Saturday, June 23, 2018

Travel industry not at risk from virtual reality

A global survey by Italy4Real has found that virtual reality won’t replace real-life travel experiences.

  • 81 percent don’t think virtual reality could ever take over from real-life travel
  • 90 percent say they would miss the full sensory experience of travelling
  • 77 percent claim the lack of local food and drink would be a downside of VR travel, while 69 percent would miss meeting new people and locals
  • 52 percent say travel agents could be replaced by artificial intelligence, but majority agree tour guides and hotel staff need personal touch

Virtual reality is a hot topic at the moment, and particularly so within the travel industry. Virtual reality is already playing an increasingly popular part in the industry with virtual reality headsets allowing customers to experience 360 degree views of hotel rooms and holiday resorts.

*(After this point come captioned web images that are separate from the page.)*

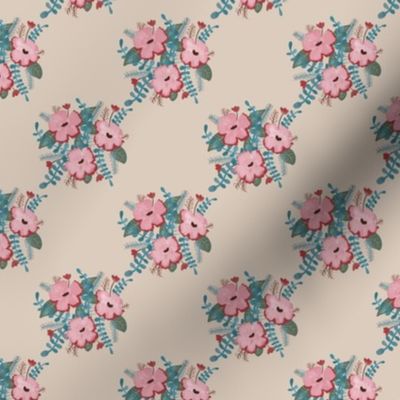 Floral Bouquet // Vintage // Feminine Fabric // 7x7
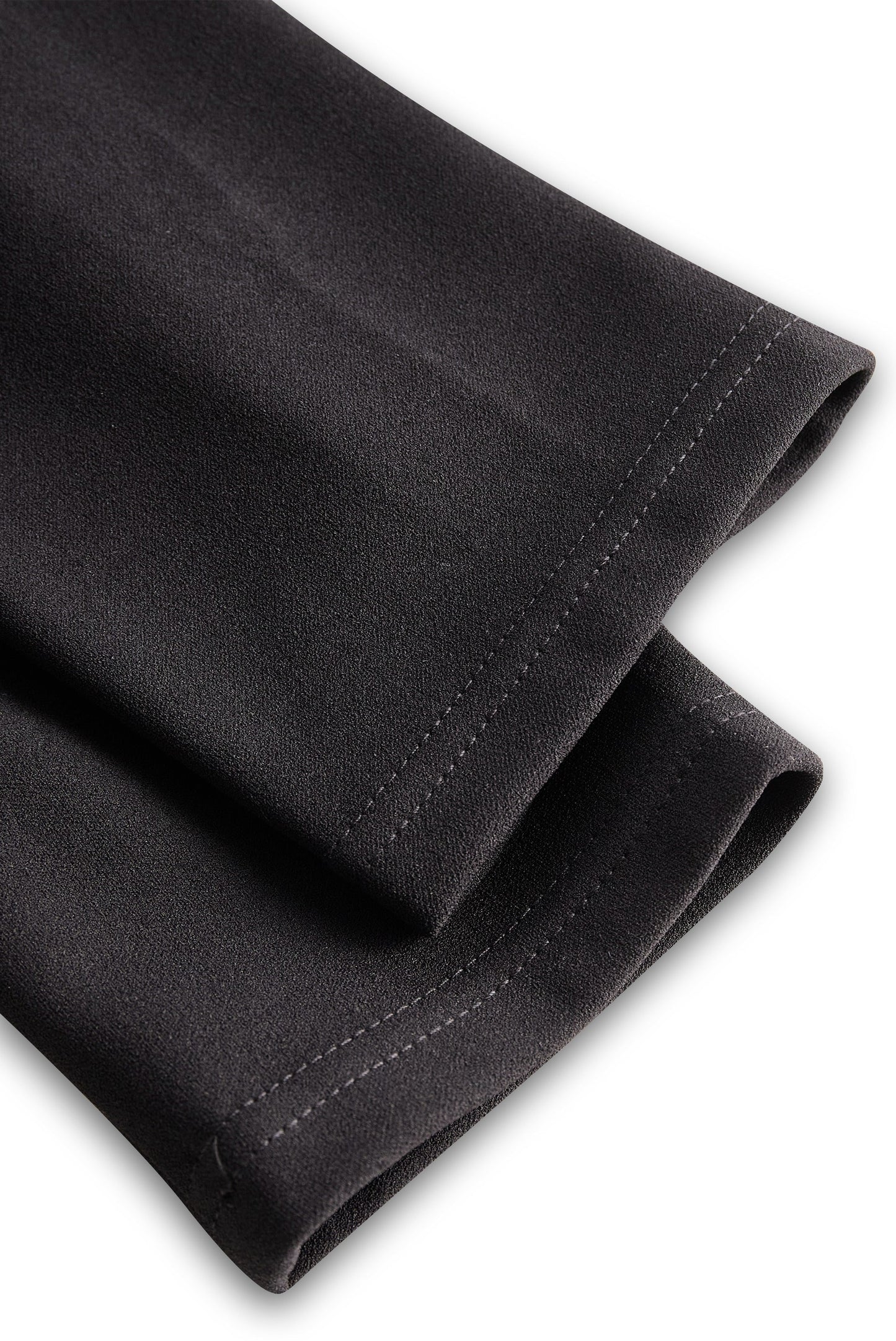 Close-up of the sleeve cuffs on the Camille women's black cocktail midi dress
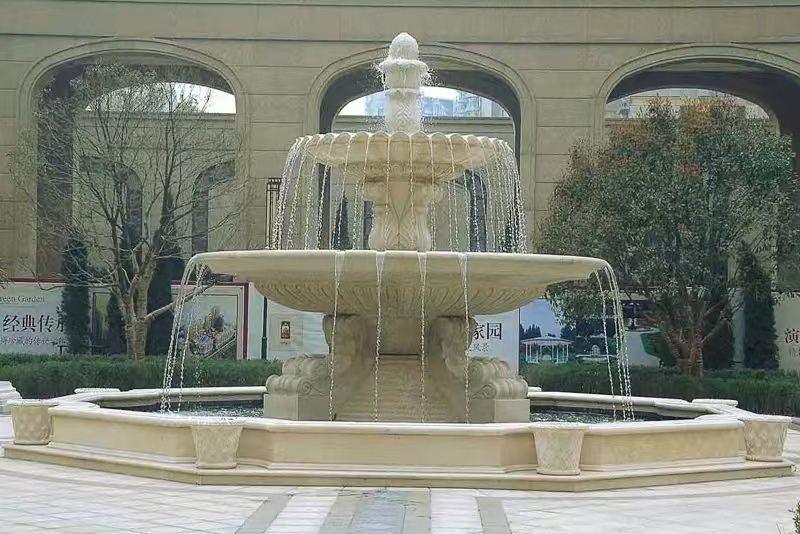 忻州 黄金麻花岗岩异型加工——户外庭院石雕流水喷泉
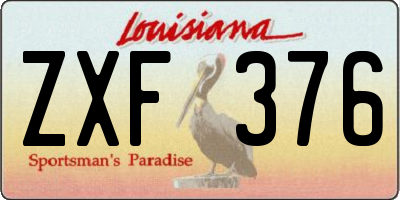 LA license plate ZXF376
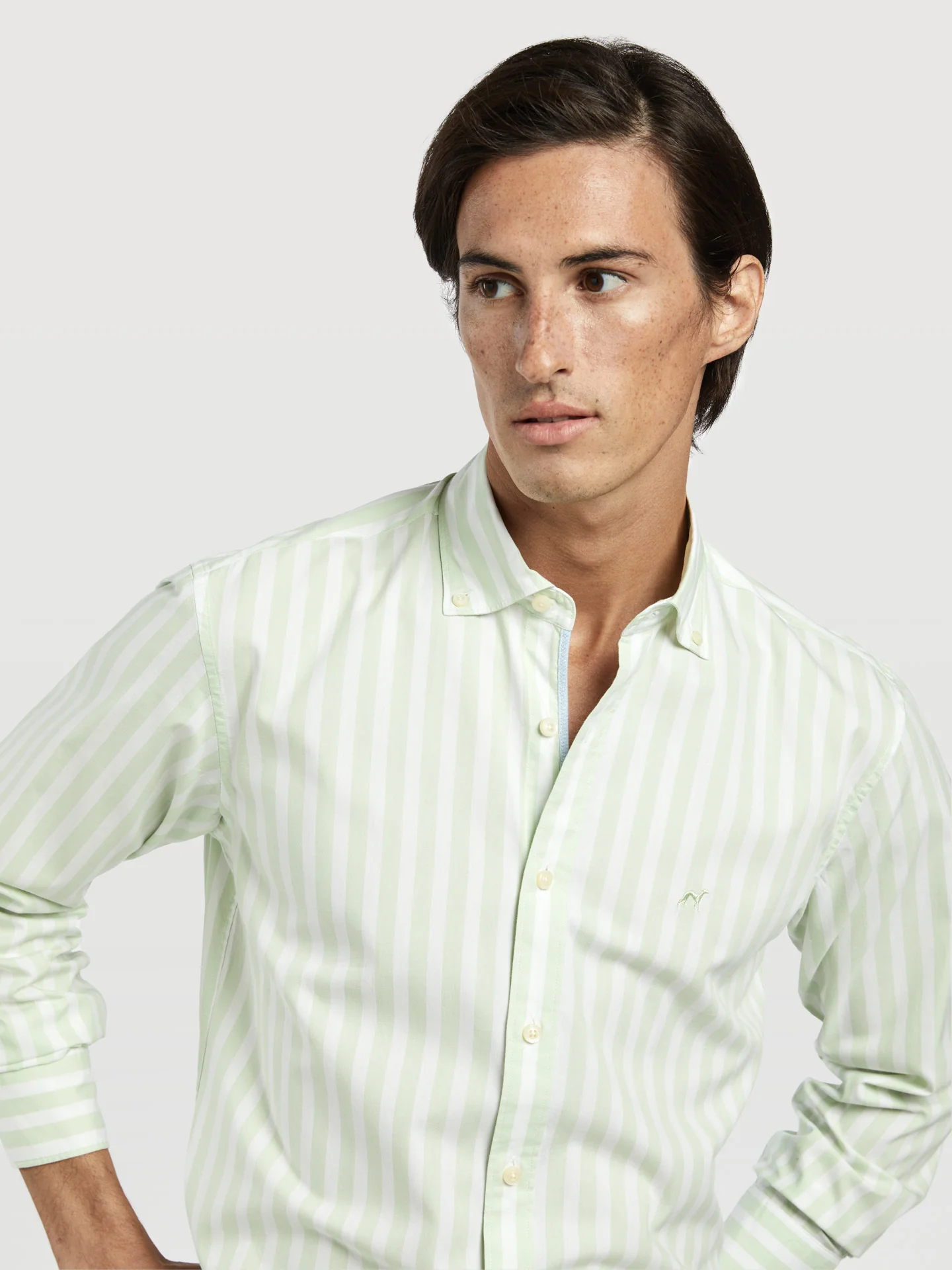 Slim fit 100%BCI cotton striped oxford shirt - Image 2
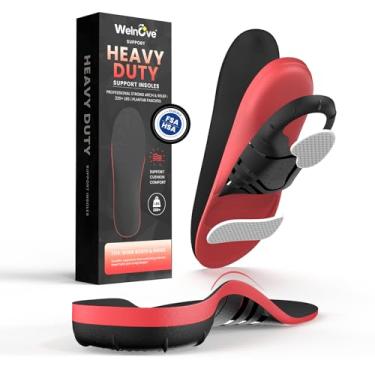 Imagem de Palmilhas masculinas para fascite plantar – Welnove 220+ lbs Palmilha resistente com suporte de arco alto – Inserções ortopédicas para dor no calcanhar e pés planos – Palmilhas de bota de trabalho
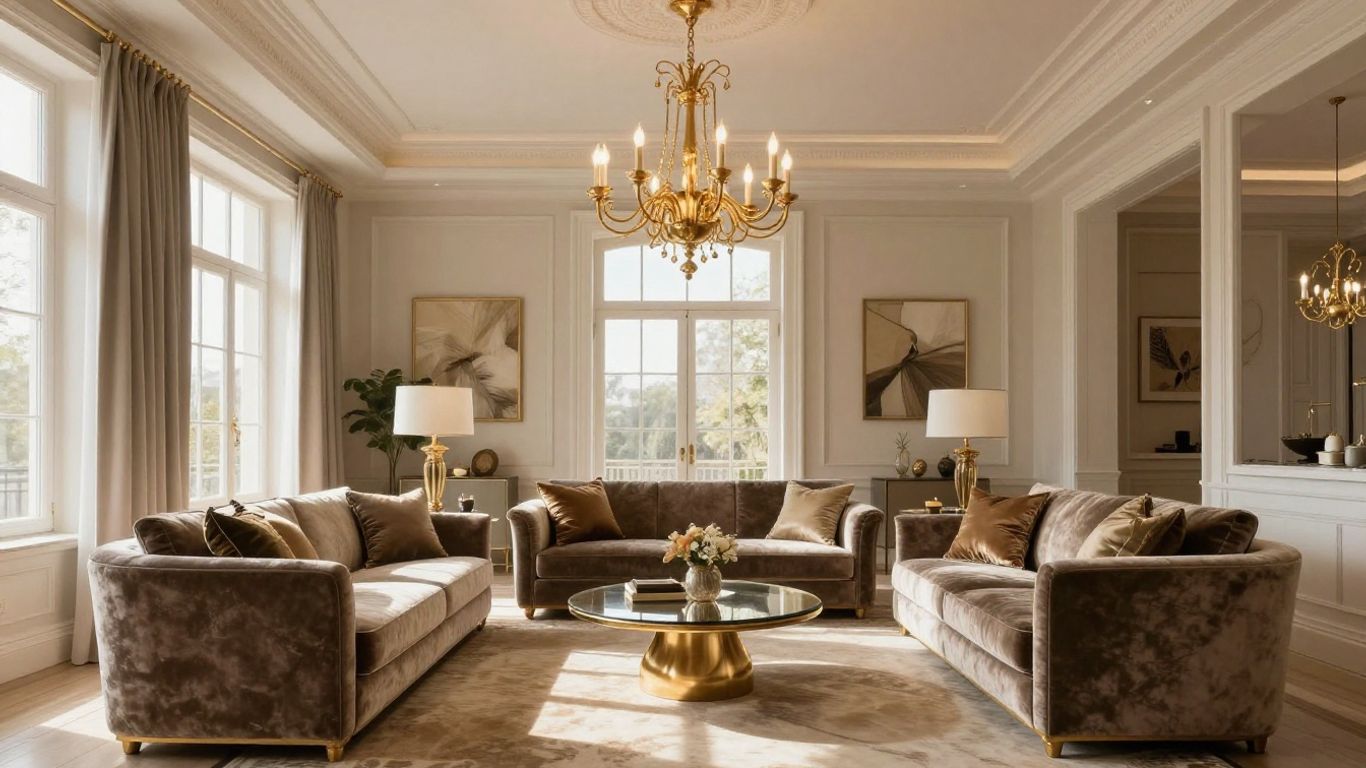 Elegant gold chandelier illuminating a luxurious living room.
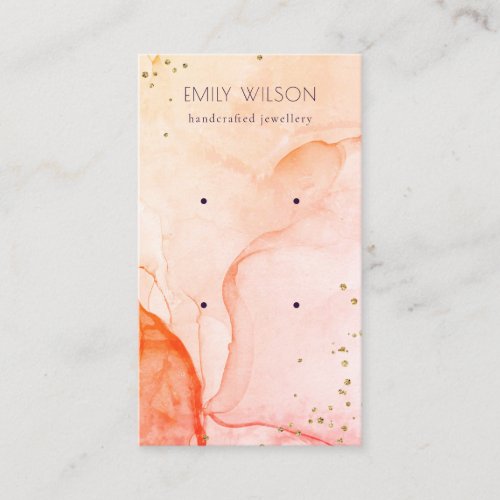 Yellow Orange Watercolor Texture Earring Display Business Card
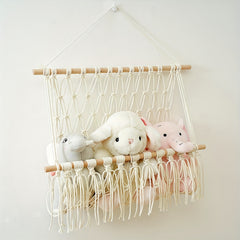 Macrame Woven Animal Hammock for Nursery & Playroom Organization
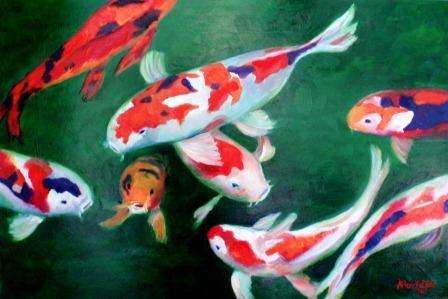 KOI POND - ORIGINAL OIL - RICH, VIBRANT PAINTING!!! by Arlene McDade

As VR technology continues to develop and take on a bigger role, the question arises – could virtual reality ever replace real-life travel? If customers are able to don virtual headsets and step straight into a destination, would the inclination to hop on a plane, train or automobile be lost?

European tour specialists Italy4Real have conducted a survey to find out.

The global survey of over 1000 adults found that while 46 percent said they would invest in a virtual reality travel experience headset, a whopping 81 percent said they did not believe virtual reality could ever replace the desire for real-life travel.

92 percent also stated that visiting a destination via a virtual reality headset would not count as actually having been there.

Some of the main reasons that respondents felt virtual reality travel could not measure up to real-life travel included the absence of the smells, sounds and atmosphere of the destination; not being able to enjoy the local food and drink, and missing out on meeting new people and locals.

However, respondents did offer up some potential advantages of virtual reality travel, with 77 percent stating it would be a good option if you’re not physically capable of travelling. Other advantages of VR travel included being able to go ‘wherever you want, whenever you want’, and it being cheaper in the long-term than multiple trips.

The survey also looked to assess the role of artificial intelligence within the travel industry and gather opinion on whether jobs within the industry could be replaced by automation.

Just over half of respondents said they believed the role of travel agent could be replaced by artificial intelligence, as they already use a computer to book their holidays.

However, the roles of tour guide and hotel staff look set to remain safe.

A substantial 67 percent of respondents said they did not feel the role of tour guide could be replaced by AI, as a machine couldn’t include spontaneous facts and engage with the group.

67 percent also said the role of hotel staff could not be replaced by AI as it needs a personal touch. However, 41 percent said the hotel role which could most easily be replaced by artificial intelligence is that of receptionist.

Owner and Director of Italy4Real, Rem Malloy, said: “We were very interested to see the results of this survey. Virtual reality and artificial intelligence are growing aspects of the travel industry and discussion around the role they play is vital.

At Italy4Real authentic travel experiences are at the core of what we do and we don’t believe that virtual reality could ever replace the full sensory experience of travel. We are pleased to see that a large majority of respondents feel the same way.

Virtual reality can certainly help to enhance the travel experience at the pre-booking stage, however we don’t believe it could ever replace it entirely.

We were also interested to see that 67 percent of respondents feel the role of tour guide could not be replaced by artificial intelligence. At Italy4Real our expert local tour guides are a crucial part of our services, and we intend to keep that personal touch.”

The survey shows that while people express an interest in using virtual reality it is not something they believe can take over from real-life experiences, as nothing can truly compare to that authentic travel experience.